■ THE TASK ■
Write out exactly, please, every line from the beginning of the entries to the line holding "Argentina Football Desk Mat World", and no pictures.

[Records contained in a dataset]

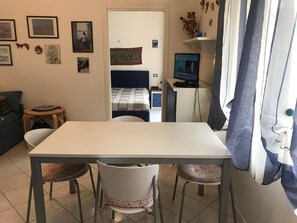 A small, well-lit room with a white table, two chairs, a bed with a patterned blanket, and a desk with a computer. - La Terrasse - Matteotti 110 (Ospedaletti)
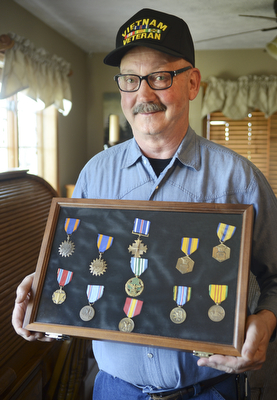 Norm Paul holds a shadow box full of medals he earned for his service in the Air Force, he recently was inducted into the Ohio Military Hall of Fame for Valor.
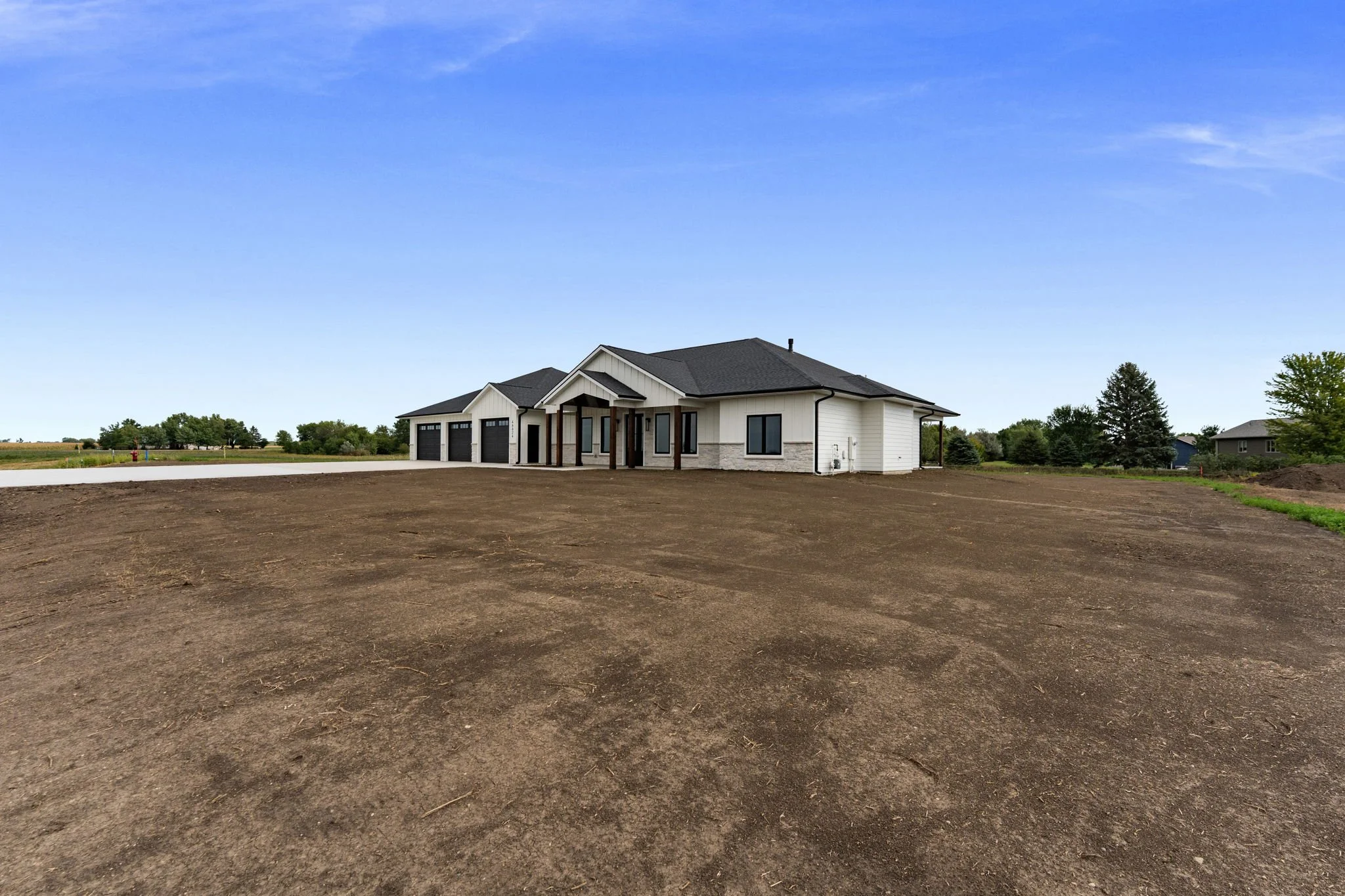New house with a large front yard under construction, featuring a two-car garage, in a rural area with trees and a blue sky.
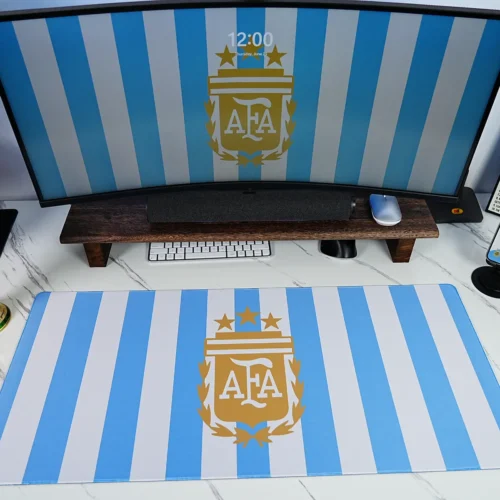 Argentina Football Desk Mat World Cup Setup Argentina Football Desk Mat shown in a blue-white desk setup with matching monitor wallpaper, World Cup trophy display, phone artwork, keyboard, and mouse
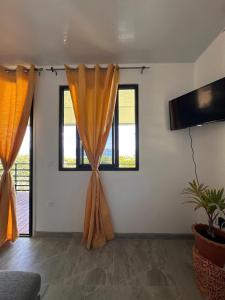 Una sala de estar con cortinas y ventanas naranjas. en Heikauiki home, en Uturoa 9 fotos más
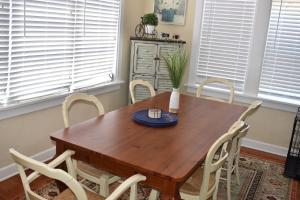 a wooden table with chairs and a blue plate on it at In the heart of West Palm Beach, pets welcome in West Palm Beach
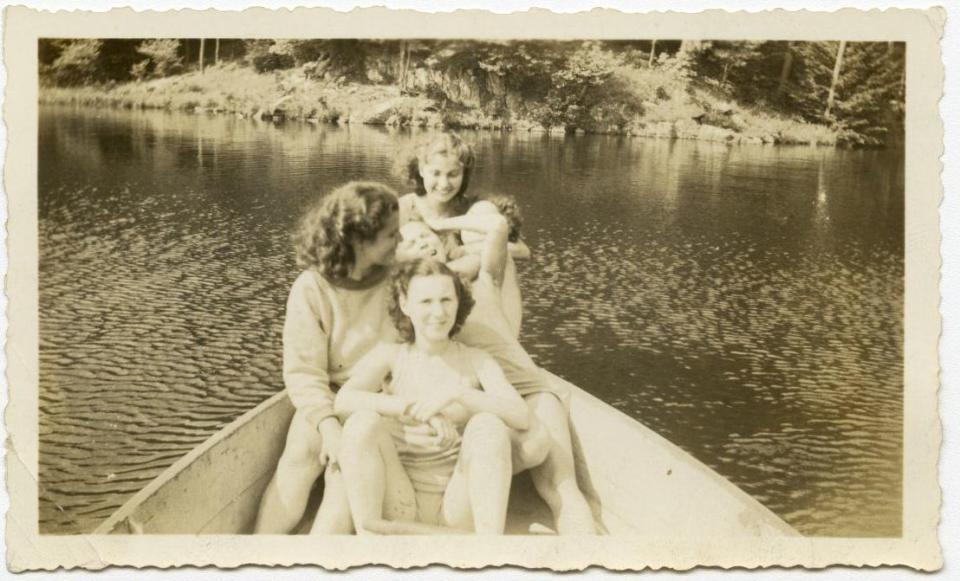 Teenagers in a rowboat at summer camp, from the Records of the Hebrew Orphan Asylum of the City of New York.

■ EXERCISE OUTPUT ■
 A small, well-lit room with a white table, two chairs, a bed with a patterned blanket, and a desk with a computer. - La Terrasse - Matteotti 110 (Ospedaletti)
 Norm Paul holds a shadow box full of medals he earned for his service in the Air Force, he recently was inducted into the Ohio Military Hall of Fame for Valor.
New house with a large front yard under construction, featuring a two-car garage, in a rural area with trees and a blue sky.
 Argentina Football Desk Mat World Cup Setup Argentina Football Desk Mat shown in a blue-white desk setup with matching monitor wallpaper, World Cup trophy display, phone artwork, keyboard, and mouse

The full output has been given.